(DATASET RECORDS Opens)
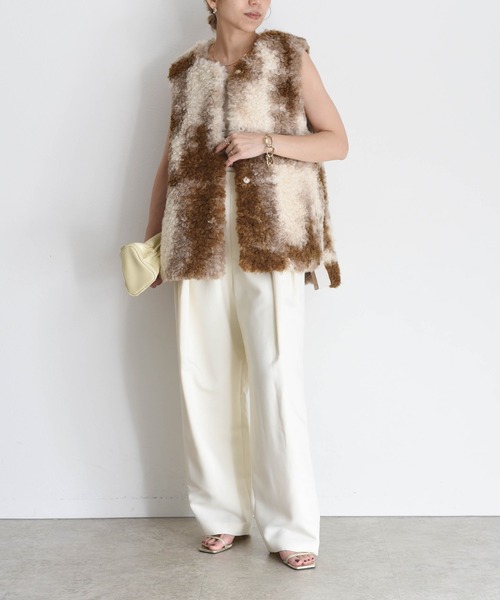 グラデーションファーベスト（ベスト）｜Eimee Law（エイミーロウ）の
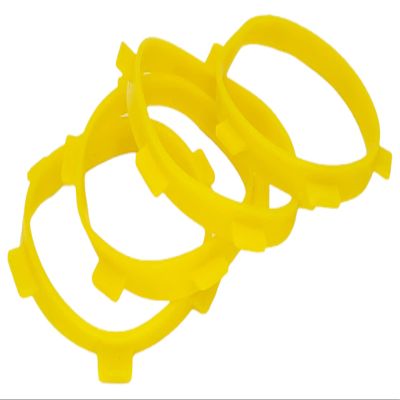 NHX RC Tire Glue Bands (4) Yellow 1/8 1/10 Trucks/Buggy/Short-Course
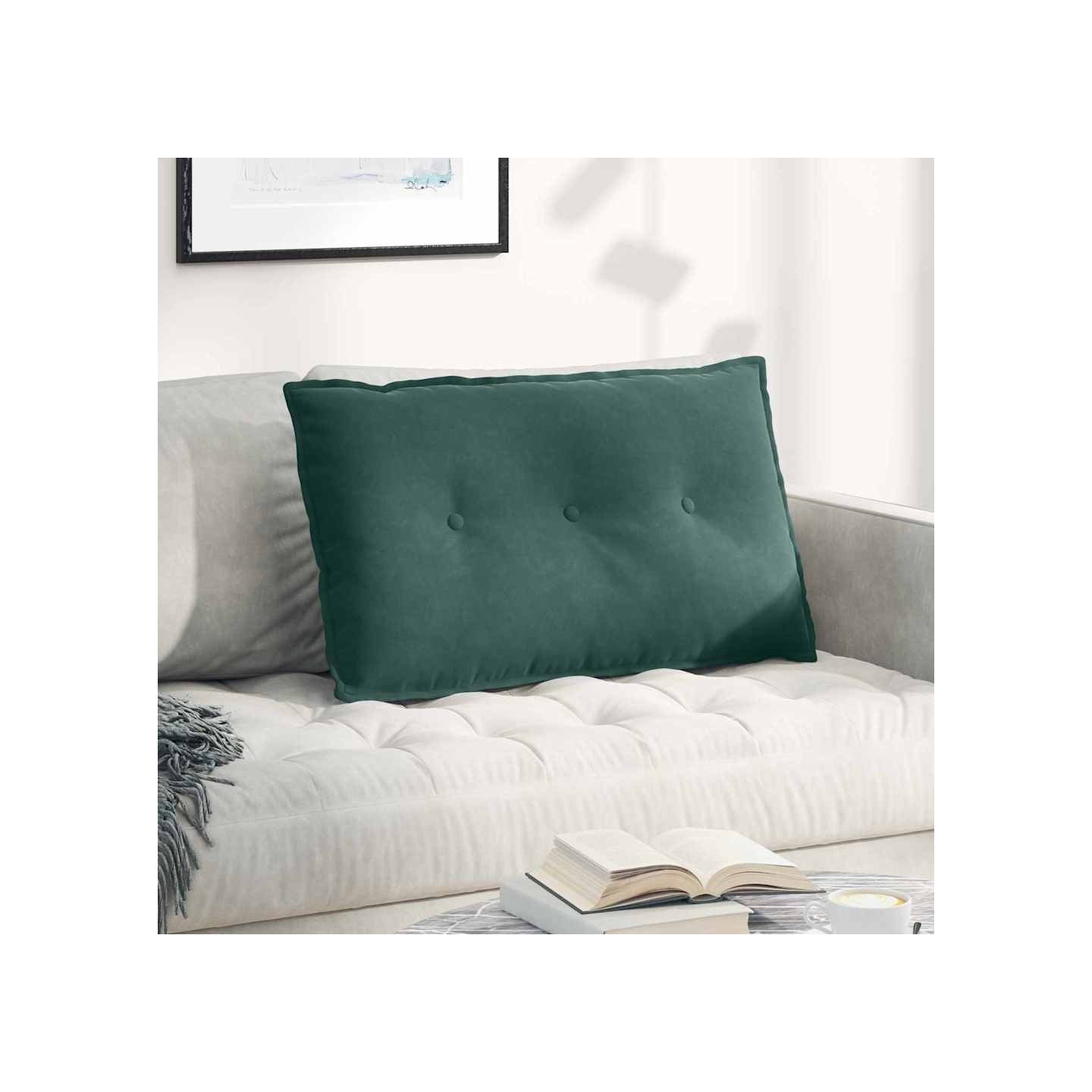 Coussin de Dos Vert foncé 80 x 50 x 19 cm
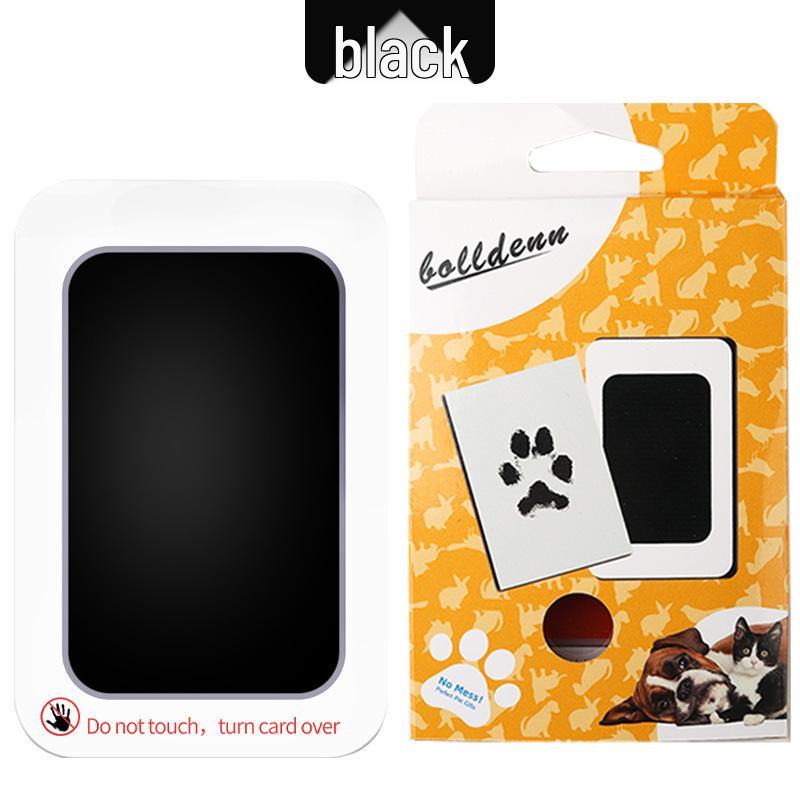 

Cross-Border No-Mess Hand & Footprint Ink Pad for Babies - Commemorative & Safe Boxed with Two Sheets of Paper чёрный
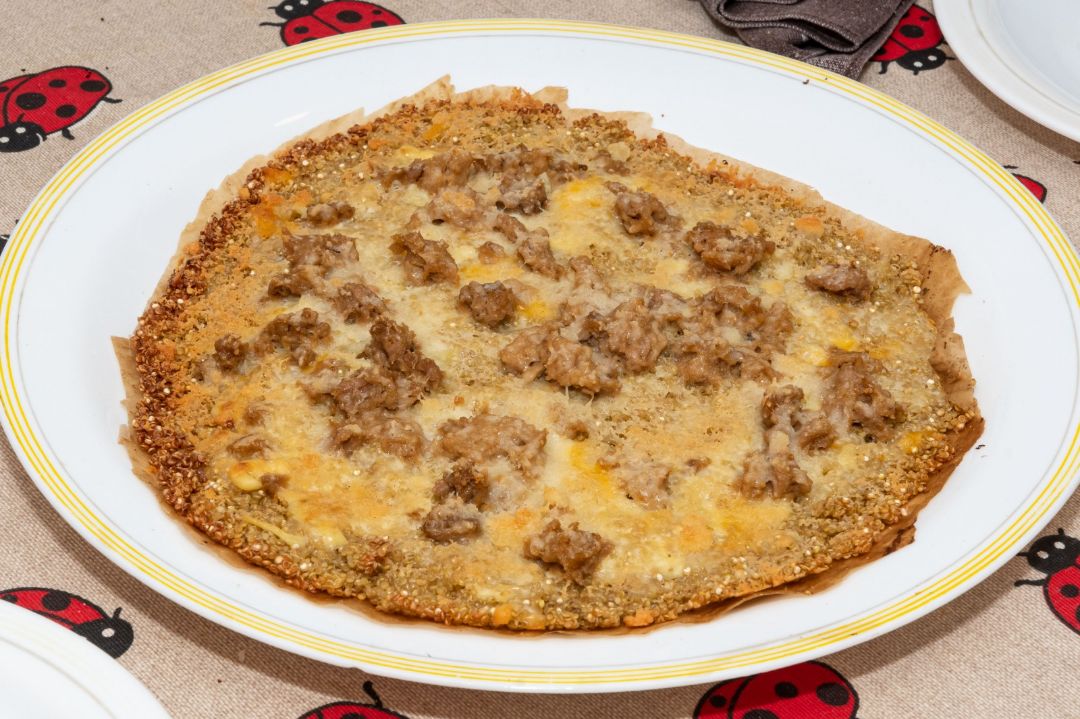 Pizza con base de quinoa Pizza con base de quinoa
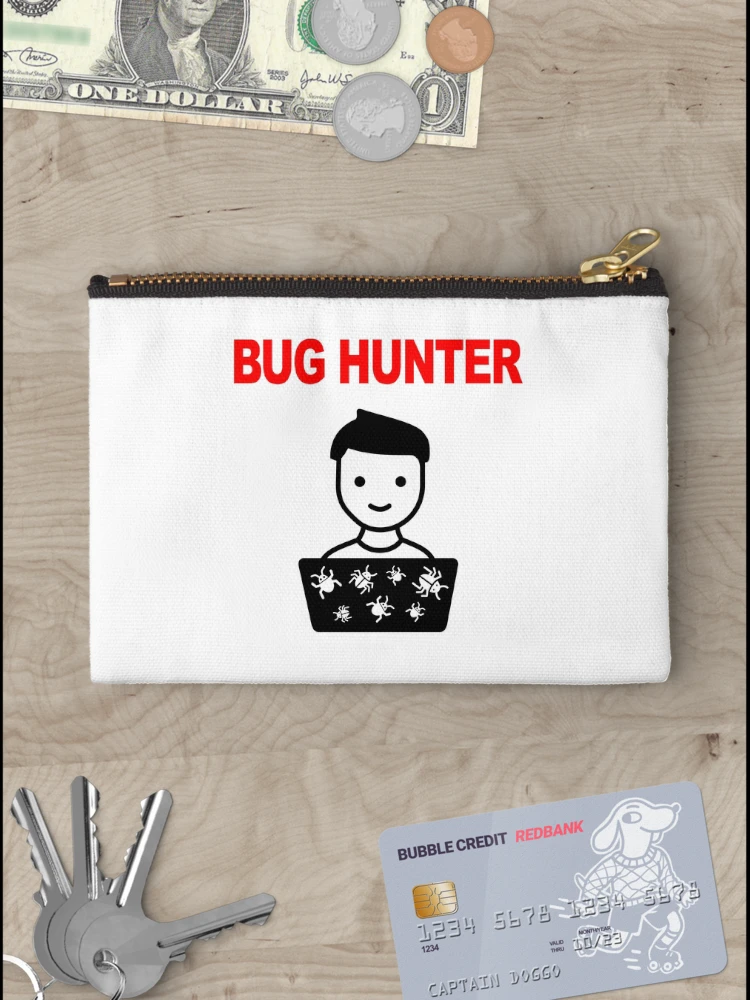 Thumbnail 3 of 4, Zipper Pouch, Bug Hunter, Software Testing, Software Bugs, Software Tester, Computer Science, Programming Humor designed and sold by Max-Wear.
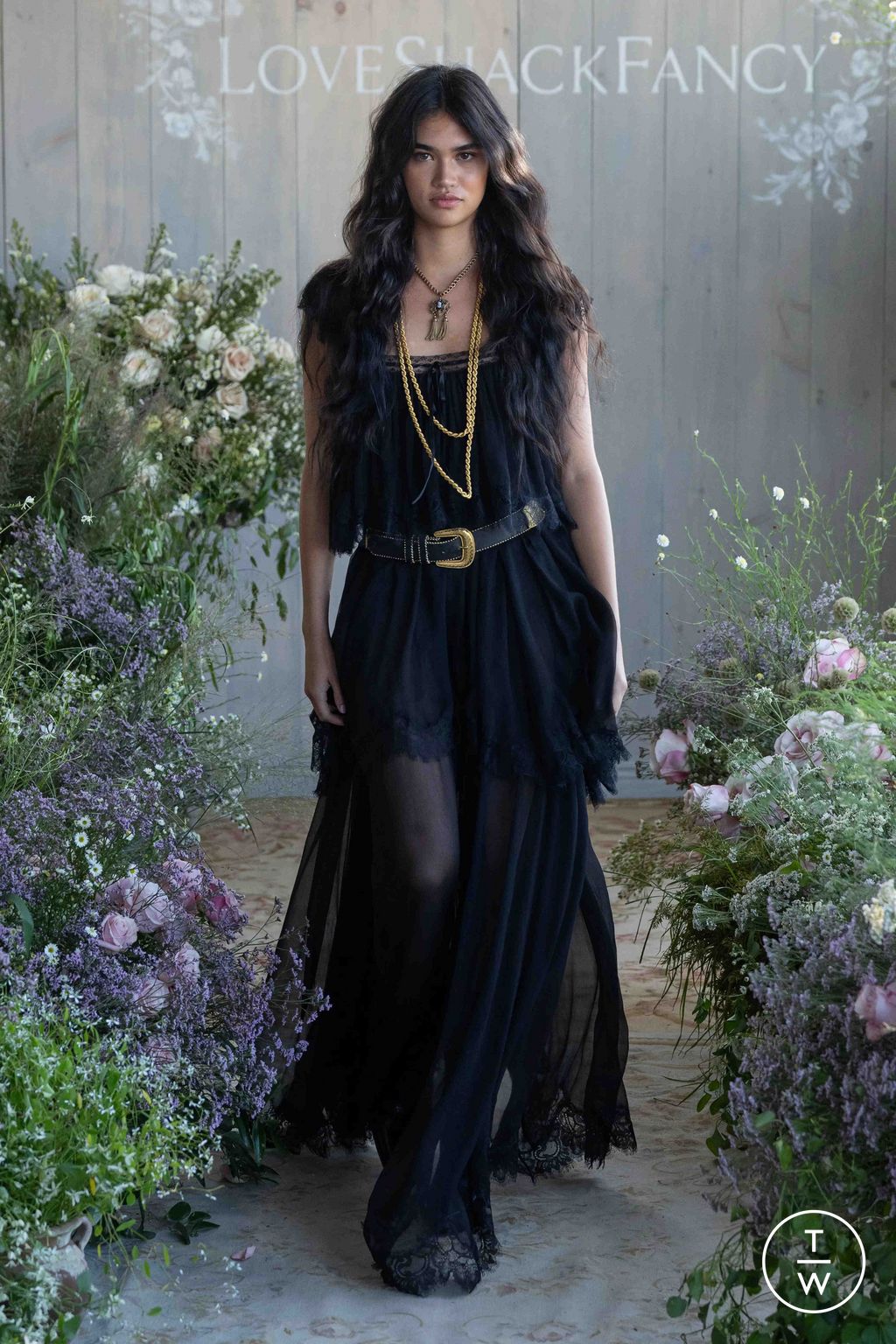 Fashion Week New York Spring/Summer 2026 look 39 de la collection LoveShackFancy womenswear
(DATASET RECORDS Closes)
= TASK PROMPT =
Apart from the pictures, set down all the entries above exactly.

= PROBLEM SOLUTION =
 グラデーションファーベスト（ベスト）｜Eimee Law（エイミーロウ）の
 NHX RC Tire Glue Bands (4) Yellow 1/8 1/10 Trucks/Buggy/Short-Course
 Coussin de Dos Vert foncé 80 x 50 x 19 cm

Cross-Border No-Mess Hand & Footprint Ink Pad for Babies - Commemorative & Safe Boxed with Two Sheets of Paper чёрный
 Pizza con base de quinoa Pizza con base de quinoa
 Thumbnail 3 of 4, Zipper Pouch, Bug Hunter, Software Testing, Software Bugs, Software Tester, Computer Science, Programming Humor designed and sold by Max-Wear.
 Fashion Week New York Spring/Summer 2026 look 39 de la collection LoveShackFancy womenswear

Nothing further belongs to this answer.